- _Given material_:
################
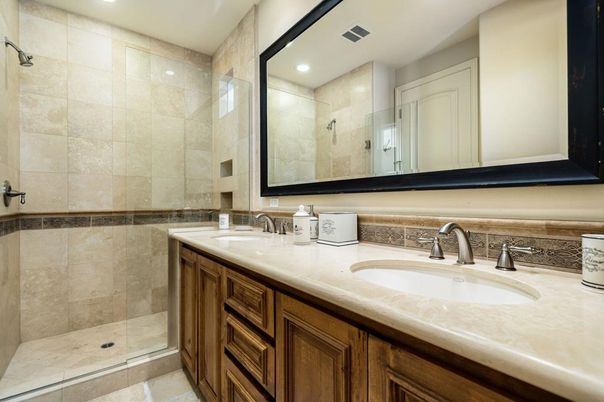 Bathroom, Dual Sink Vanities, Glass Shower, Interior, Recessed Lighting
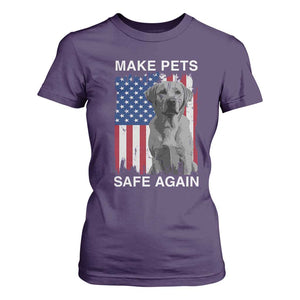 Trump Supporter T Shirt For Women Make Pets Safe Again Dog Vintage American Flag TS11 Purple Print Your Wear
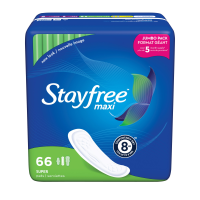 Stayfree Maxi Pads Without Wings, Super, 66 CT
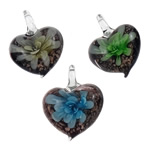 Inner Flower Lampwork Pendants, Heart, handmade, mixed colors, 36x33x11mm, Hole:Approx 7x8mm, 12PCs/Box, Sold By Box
################
- _What is needed_:
Beginning with the line containing "Stayfree Maxi Pads" and ending with the last line of the material, output each line exactly; do not include pictures.

- _Written solution_:
 Stayfree Maxi Pads Without Wings, Super, 66 CT
 Inner Flower Lampwork Pendants, Heart, handmade, mixed colors, 36x33x11mm, Hole:Approx 7x8mm, 12PCs/Box, Sold By Box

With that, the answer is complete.